TOPO-LASSO/data-optimizer-presentation.md at main · rahmani-hossein/TOPO-LASSO

1. Why Optimization After Causal Modeling?

The Core Problem

Causal models provide: $P(\text{renew} | \text{price}, X)$ for 200 discrete price points

Causal models DON'T provide:

Optimal decisions under portfolio constraints
Segment-level pricing (operational requirement)
Multi-term coordination
Volume guarantees

Solution: Two-stage framework

Stage 1: Causal Model → Predictions
Stage 2: Optimization → Decisions under constraints

2. Mathematical Formulation

Notation

$\mathcal{S}$: Segments (indexed by $s$)
$\mathcal{T}$: Terms (indexed by $t$, e.g., ${1,2,3,5}$ years)
$\mathcal{P}$: Price options (200 discrete margins)
$b_i$: Balance of mortgage $i$
$c_i$: Cost of funds for mortgage $i$
$P_{i,t,p}$: Renewal probability (from causal model)
$V_{\min}$: Minimum required volume

Decision Variables

$$x_{s,t} \in \mathcal{P} \quad \text{(margin for segment } s \text{, term } t \text{)}$$

Objective Function

Expected profit for mortgage $i$: $$\pi_{i,t,p} = (p - c_i) \times b_i \times t \times P_{i,t,p}$$

Total portfolio profit: $$\max_{x_{s,t}} \sum_{s \in \mathcal{S}} \sum_{t \in \mathcal{T}} \sum_{i \in s} \pi_{i,t,x_{s,t}}$$

Constraints

Volume constraint: $$\sum_{s,t} \sum_{i \in s} P_{i,t,x_{s,t}} \times b_i \geq V_{\min}$$

Price bounds: $$p_{\min} \leq x_{s,t} \leq p_{\max}$$

Segment-Level Aggregation

Segment average expected profit: $$\bar{\pi}{s,t,p} = \frac{1}{|s|} \sum{i \in s} (p - c_i) \times b_i \times t \times P_{i,t,p}$$

Reformulated objective: $$\max_{x_{s,t}} \sum_{s,t} |s| \times \bar{\pi}{s,t,x{s,t}}$$

3. Numerical Example

Setup

Portfolio: 3,500 mortgages, 3 segments, 3-year term, 5 price options

Segment	#	Avg Balance	Avg CoF
S1 (Shoppers)	1,000	$300K	1.5%
S2 (Aware)	2,000	$250K	1.6%
S3 (Loyal)	500	$400K	1.4%

Renewal Probabilities:

Price	S1	S2	S3
3.29%	0.92	0.91	0.94
3.49%	0.88	0.89	0.93
3.69%	0.75	0.85	0.92
3.89%	0.60	0.78	0.91
3.99%	0.50	0.73	0.90

Expected Profit Calculation

S1 @ 3.49%: [(0.0349 - 0.015) \times 300K \times 3 \times 0.88 = $15,761] per mortgage → Segment total: $$15.8M$

S2 @ 3.89%: [(0.0389 - 0.016) \times 250K \times 3 \times 0.78 = $13,397] → Segment total: $$26.8M$

S3 @ 3.99%: [(0.0399 - 0.014) \times 400K \times 3 \times 0.90 = $27,972] → Segment total: $$14.0M$

Unconstrained optimal: $$56.6M$ profit, $834M$ volume (80% retention)

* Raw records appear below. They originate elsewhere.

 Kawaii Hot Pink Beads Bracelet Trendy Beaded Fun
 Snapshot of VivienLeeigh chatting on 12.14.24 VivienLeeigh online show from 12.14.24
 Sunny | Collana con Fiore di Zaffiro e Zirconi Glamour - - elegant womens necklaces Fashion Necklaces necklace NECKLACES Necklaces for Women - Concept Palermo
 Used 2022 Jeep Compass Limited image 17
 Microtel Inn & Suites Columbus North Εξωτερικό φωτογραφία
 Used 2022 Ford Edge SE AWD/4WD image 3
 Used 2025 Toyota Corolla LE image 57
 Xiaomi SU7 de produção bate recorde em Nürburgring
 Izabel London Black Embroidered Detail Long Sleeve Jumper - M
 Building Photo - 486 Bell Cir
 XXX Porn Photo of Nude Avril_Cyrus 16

Problem: Violates 85% volume constraint ($886M$ required)

Constrained solution: Lower S2 to 3.49% → $$55.0M$ profit, $889M$ volume ✓

Trade-off: Sacrifice $$1.6M$ profit to meet volume target

4. Implementation Pipeline

# Pseudocode
def optimize_portfolio(df_predictions, config):
    # Step 1: Expand for terms
    df = expand_terms(df_predictions, terms=[1,2,3,5])
    
    # Step 2: Calculate profit
    df['profit'] = (df['margin'] - df['cof']) * df['balance'] * df['term']
    df['expected_profit'] = df['profit'] * df['renewal_prob']
    
    # Step 3: Segment by elasticity
    df['segment'] = assign_segments(df, method='elasticity_quantiles')
    
    # Step 4: Smooth curves (isotonic + spline)
    df['renewal_prob_smooth'] = smooth_curves(df, group_by=['segment','term'])
    
    # Step 5: Aggregate to segment level
    segment_data = df.groupby(['segment','term','margin']).agg({
        'expected_profit': 'mean',
        'renewal_prob_smooth': 'mean'
    })
    
    # Step 6: Optimize per term
    results = {}
    for term in [1,2,3,5]:
        results[term] = optimize_lp(segment_data[term], config.min_volume)
    
    return format_recommendations(results)

5. Key Technical Components

Smoothing: Two-Stage Approach

from scipy.interpolate import UnivariateSpline
from sklearn.isotonic import IsotonicRegression

def smooth_curve(margins, renewal_probs, s=0.03):
    # Stage 1: Enforce monotonicity
    iso = IsotonicRegression(increasing=False, out_of_bounds='clip')
    probs_mono = iso.fit_transform(margins, renewal_probs)
    
    # Stage 2: Spline smoothing
    spline = UnivariateSpline(margins, probs_mono, s=s, k=3)
    return np.clip(spline(margins), 0, 1)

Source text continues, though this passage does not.